If noBoundsChecksEmitted && !signalHandlersActivated, then this will return false and we won't call prepareAsmJSBuffer.  In that case, we can just call prepareForAsmJS(cx, heap, module.usesSignalHandlers()) and avoid the outparam here.

Next, if module.usesSignalHandlers(), then cx->canUseSignalHandlers was true during compilation.  If it got toggled to false, the someone must have used a debugger to change it.  They could just as well switch off signals after linking succeeds and we don't protect against that, so I think we shouldn't bother here.  In that case, we can remove this whole function and the call below.

::: js/src/jit/MIR.h
@@ +10325,5 @@
>  
>  class MAsmJSStoreHeap : public MBinaryInstruction, public MAsmJSHeapAccess
>  {
> +    MAsmJSStoreHeap(ArrayBufferView::ViewType vt, MDefinition *ptr,
> +                    MDefinition *v)

I expect 'v' could fit on the preceding line.

::: js/src/jit/x64/CodeGenerator-x64.cpp
@@ +251,5 @@
>  
>      if (ptr->isConstant()) {
>          int32_t ptrImm = ptr->toConstant()->toInt32();
>          // Note only a positive index is accepted here because a negative offset would
>          // not wrap back into the protected area reserved for the heap.

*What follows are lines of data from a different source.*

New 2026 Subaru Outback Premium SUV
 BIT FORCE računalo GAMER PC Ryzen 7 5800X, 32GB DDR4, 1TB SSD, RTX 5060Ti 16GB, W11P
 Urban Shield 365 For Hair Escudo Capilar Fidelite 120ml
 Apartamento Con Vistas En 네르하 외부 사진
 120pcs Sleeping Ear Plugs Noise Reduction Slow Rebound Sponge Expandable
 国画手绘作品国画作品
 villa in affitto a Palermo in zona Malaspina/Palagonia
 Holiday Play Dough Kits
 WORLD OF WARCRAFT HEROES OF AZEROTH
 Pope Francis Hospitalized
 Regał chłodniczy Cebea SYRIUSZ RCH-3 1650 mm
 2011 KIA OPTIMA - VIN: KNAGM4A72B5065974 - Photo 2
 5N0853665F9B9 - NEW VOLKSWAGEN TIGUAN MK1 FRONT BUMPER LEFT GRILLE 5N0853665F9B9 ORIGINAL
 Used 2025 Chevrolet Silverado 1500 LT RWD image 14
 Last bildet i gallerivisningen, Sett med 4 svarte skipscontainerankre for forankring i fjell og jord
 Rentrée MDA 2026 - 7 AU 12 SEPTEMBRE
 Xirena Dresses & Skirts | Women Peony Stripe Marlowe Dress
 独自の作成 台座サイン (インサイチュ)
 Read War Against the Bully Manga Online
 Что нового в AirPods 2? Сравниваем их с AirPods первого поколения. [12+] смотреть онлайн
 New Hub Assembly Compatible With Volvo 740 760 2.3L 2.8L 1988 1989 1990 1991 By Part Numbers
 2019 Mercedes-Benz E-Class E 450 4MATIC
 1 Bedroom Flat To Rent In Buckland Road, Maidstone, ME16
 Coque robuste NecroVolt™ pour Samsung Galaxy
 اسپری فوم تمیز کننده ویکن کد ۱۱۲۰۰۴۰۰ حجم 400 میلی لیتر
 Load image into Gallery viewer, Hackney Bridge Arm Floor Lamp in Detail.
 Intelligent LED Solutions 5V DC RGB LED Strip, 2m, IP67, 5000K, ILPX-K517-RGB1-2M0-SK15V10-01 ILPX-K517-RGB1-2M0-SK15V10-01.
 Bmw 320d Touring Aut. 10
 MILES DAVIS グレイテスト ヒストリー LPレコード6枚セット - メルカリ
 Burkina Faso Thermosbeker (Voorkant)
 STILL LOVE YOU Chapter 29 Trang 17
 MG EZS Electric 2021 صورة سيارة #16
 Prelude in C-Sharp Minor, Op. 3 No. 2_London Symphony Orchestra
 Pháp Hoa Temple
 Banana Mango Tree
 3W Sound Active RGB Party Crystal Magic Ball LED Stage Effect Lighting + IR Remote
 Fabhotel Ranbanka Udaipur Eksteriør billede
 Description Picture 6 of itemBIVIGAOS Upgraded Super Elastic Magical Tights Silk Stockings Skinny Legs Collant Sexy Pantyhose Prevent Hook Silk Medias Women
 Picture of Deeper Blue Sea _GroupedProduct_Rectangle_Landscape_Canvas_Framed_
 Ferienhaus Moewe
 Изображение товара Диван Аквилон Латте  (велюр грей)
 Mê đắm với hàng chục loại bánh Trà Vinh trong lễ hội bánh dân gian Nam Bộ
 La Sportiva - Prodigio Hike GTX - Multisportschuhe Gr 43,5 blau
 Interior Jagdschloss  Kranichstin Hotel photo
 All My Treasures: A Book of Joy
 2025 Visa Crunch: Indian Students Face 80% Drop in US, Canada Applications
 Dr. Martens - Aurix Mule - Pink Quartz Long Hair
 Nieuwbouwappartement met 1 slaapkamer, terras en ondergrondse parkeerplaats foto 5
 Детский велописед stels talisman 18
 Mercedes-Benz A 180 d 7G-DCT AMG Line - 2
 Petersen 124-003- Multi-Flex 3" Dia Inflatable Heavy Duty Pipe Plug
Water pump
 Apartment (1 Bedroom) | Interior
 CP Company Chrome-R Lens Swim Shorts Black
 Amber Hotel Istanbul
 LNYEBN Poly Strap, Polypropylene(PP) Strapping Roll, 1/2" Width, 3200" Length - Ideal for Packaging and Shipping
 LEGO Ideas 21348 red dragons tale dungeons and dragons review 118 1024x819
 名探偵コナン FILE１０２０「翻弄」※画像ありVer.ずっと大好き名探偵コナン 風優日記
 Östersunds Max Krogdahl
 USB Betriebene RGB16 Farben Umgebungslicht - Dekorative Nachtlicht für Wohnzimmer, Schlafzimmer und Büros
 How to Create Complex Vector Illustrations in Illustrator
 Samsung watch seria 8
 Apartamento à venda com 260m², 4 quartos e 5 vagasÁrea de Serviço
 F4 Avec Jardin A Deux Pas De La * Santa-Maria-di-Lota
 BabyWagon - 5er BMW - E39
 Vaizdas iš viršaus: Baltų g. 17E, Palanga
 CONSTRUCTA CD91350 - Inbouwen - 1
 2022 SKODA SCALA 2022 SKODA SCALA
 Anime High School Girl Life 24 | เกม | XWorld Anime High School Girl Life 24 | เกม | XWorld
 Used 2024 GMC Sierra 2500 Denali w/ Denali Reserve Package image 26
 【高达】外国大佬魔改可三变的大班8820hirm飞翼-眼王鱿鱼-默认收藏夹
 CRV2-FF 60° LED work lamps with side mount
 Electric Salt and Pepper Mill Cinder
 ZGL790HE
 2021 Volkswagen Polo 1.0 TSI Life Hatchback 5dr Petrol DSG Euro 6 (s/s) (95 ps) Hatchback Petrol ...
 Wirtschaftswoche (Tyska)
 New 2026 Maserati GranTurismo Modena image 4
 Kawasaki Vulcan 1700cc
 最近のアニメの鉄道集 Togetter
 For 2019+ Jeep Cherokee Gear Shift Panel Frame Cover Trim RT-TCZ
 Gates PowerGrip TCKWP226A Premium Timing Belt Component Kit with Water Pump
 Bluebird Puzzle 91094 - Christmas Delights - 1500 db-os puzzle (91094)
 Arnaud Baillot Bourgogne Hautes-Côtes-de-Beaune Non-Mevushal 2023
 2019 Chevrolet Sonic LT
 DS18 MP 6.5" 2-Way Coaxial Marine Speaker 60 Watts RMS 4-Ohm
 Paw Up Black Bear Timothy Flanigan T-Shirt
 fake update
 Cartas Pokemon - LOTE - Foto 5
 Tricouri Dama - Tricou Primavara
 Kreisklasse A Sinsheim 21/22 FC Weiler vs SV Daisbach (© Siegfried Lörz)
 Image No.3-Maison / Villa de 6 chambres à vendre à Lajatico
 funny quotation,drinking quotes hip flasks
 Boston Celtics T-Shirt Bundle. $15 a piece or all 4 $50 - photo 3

Pre-existing: this comment restates the comment in Lowering-x64.cpp; could you remove it?

@@ +260,5 @@
>      }
>  
> +    bool skipBoundsCheck = mir->skipBoundsCheck();
> +    OutOfLineLoadTypedArrayOutOfBounds *ool = nullptr;
> +    uint32_t maybeCmpOffset = UINT32_MAX; // guard value in AsmJSHeapAccess ctor

Instead of a comment, can you add a 'static const uint32_t NoLengthCheck = UINT32_MAX' inside AsmJSHeapAccess and use that within AsmJSHeapAccess instead of 'UINT32_MAX'?

@@ +264,5 @@
> +    uint32_t maybeCmpOffset = UINT32_MAX; // guard value in AsmJSHeapAccess ctor
> +    if (!skipBoundsCheck) {
> +        // On x64, we have bounds check iff we're not using signals handlers
> +        // for OOB accesses, in which case we need to note the access to patch
> +        // it at link time.

From a CodeGenerator pov, we don't need to mention signal handlers; the need for patching naturally falls out of the fact we're not skipping bounds checks so we need a cmp with a patched immediate.  So I'd remove this comment.

@@ +274,5 @@
> +        CodeOffsetLabel cmp = masm.cmplWithPatch(ToRegister(ptr), Imm32(0));
> +        masm.j(Assembler::AboveOrEqual, ool->entry());
> +        maybeCmpOffset = cmp.offset();
> +    }
> +    JS_ASSERT(skipBoundsCheck == (maybeCmpOffset == UINT32_MAX));

With the above, this assert isn't really necessary.  Also, there'd only be one use of 'skipBoundsCheck', so you could inline 'mir->skipBoundsCheck()' into that one use.

@@ +314,4 @@
>      }
>  
> +    bool skipBoundsCheck = mir->skipBoundsCheck();
> +    uint32_t maybeCmpOffset = UINT32_MAX; // guard value in AsmJSHeapAccess ctor

ditto above

@@ +323,5 @@
> +        CodeOffsetLabel cmp = masm.cmplWithPatch(ToRegister(ptr), Imm32(0));
> +        masm.j(Assembler::AboveOrEqual, &rejoin);
> +        maybeCmpOffset = cmp.offset();
> +    }
> +    JS_ASSERT(skipBoundsCheck == (maybeCmpOffset == UINT32_MAX));

ditto above

::: js/src/jit/x64/Lowering-x64.cpp
@@ +137,5 @@
> +    if (ptr->isConstant()) {
> +        int32_t ptrValue = ptr->toConstant()->value().toInt32();
> +        if (ins->skipBoundsCheck() && ptrValue >= 0) {
> +            // The X64 does not inline an explicit bounds check so has no need
> +            // to keep the index in a register, however only a positive index

Pre-existing nit: everything before the comma seems besides irrelevant, so could you remove it and start the sentence with "Only a positive index..."?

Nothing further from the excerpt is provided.